With such a stage set, it is perhaps unsurprising that the feature races in particular attracted so much attention. Both of the headline races were broadcast live in the US, and the At the Races channel showed the Korea Cup. This was the first time that a Korean horse race had ever been broadcast live in the UK, but it will certainly not be the last.

Online and TV coverage are, of course, important, but what really makes or breaks an event is real world attendance. The organisers made the shrewd decision to permit free entry to the racecourse for the entire carnival. One can imagine what would happen if this was the case at Cheltenham or Ascot, but keep in mind that this is still a growing sport battling to compete with the nation’s current baseball obsession. As it was, the attendance was just under 40,000. Perfect for exactly the right carnival atmosphere.

Cup Highlights

After all the hype and the enormous goodwill he generated in the run up to the event, everyone was disappointed that Riven Light was eased after a strong start. However, he fulfilled a wonderful ambassadorial role, and it seems likely that he will be back next year. The Korea Cup itself, though, was all about the defending title holder London Town. Last year, the Kazuya Makita-trained 5-year-old blew away the opposition, and while his performance was not quite as dominating as it was in 2017, it was obvious that he was the odds-on favourite for a reason.

Ridden by jockey Yasunari Iwata, he was hustled to the outside, where he settled in behind early front runner Cheongdam Dokki. Iwata made his move with 5 furlongs still to run, and while some onlookers wondered if he had broken too early, it soon became clear that he had everything under control. After he crossed the line, there was time for onlookers to go for a figurative comfort break and get themselves a coffee before second-place horse Dolkong came home 15 lengths behind.

It was a commanding performance, and perhaps the biggest surprise is that London Town has still not won a G1 race in his native Japan.
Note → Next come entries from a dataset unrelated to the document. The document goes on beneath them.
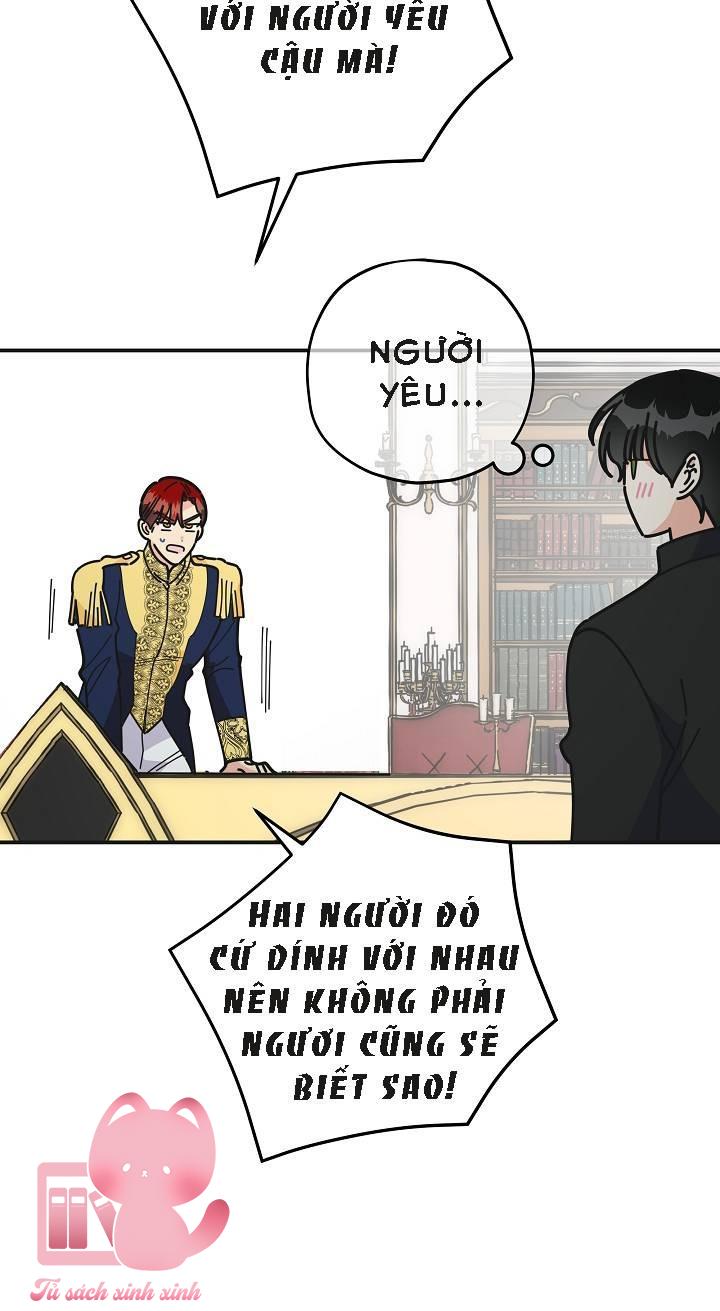 Người Hùng Của Ác Nữ Chapter 69 - Trang 4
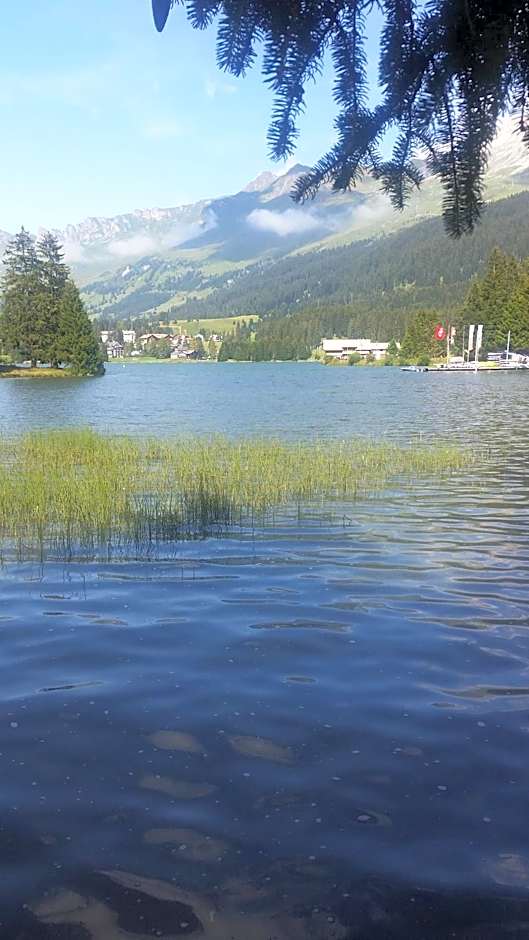 Hostel by Grischalodge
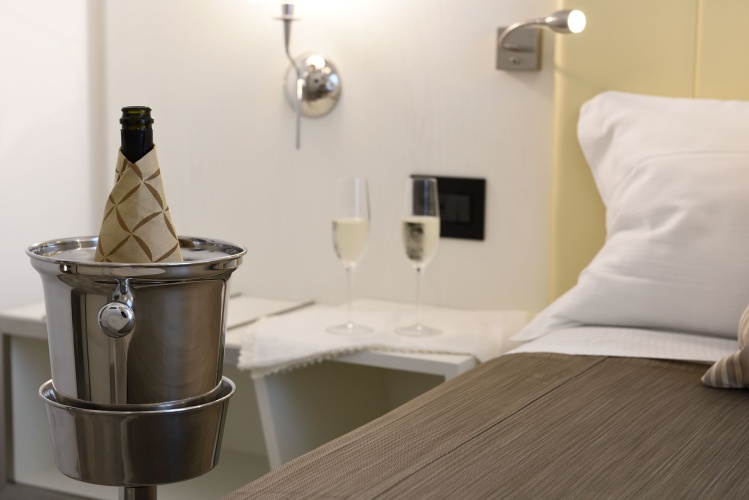Best Western Hotel Principe di Lampedusa photo 11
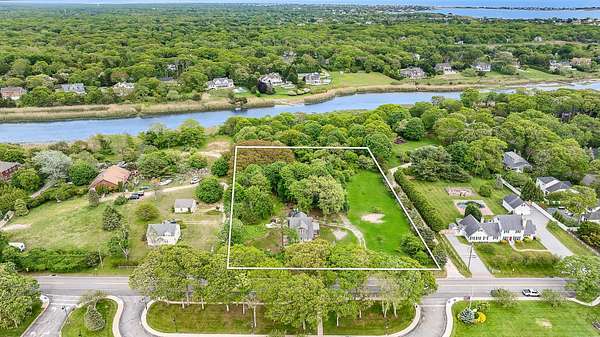 2.13 Acres of Residential Land for Sale in Remsenburg, New York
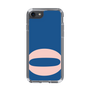 Slim Protection Case［ Original - initial color - Q navy ］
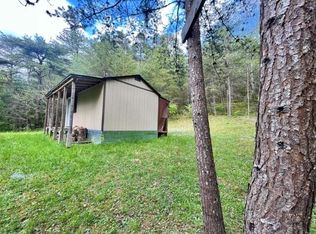 Mulberry Ln, Bastian, VA 24314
Surely, however, that is only a matter of time, and he is one to watch for Asian racing fans.

And the Sprint?

The other feature race was far more closely contested. US-bred and Japanese-owned Moanin ultimately crossed the line in front after a neck-and-neck battle with the 2016 Korea Cup winner Chrysolite.

Perhaps the biggest cheer, however, was for the Hong Kong-bred Fight Hero. The crowd favourite has a reputation for being an unpredictable and troublesome starter, so the decision to give him the widest starting gate was met with a mixture of approval and derision. Ultimately, he ran a solid race under Derek Leung, at one point looking to challenge for the lead, and finishing a creditable third.

Looking Forward to Next Year

After just its third year, the Korean Autumn Carnival is becoming a landmark date on the calendar. It is one of those festivals that will just get bigger and better with each passing year, and 2019 cannot come soon enough.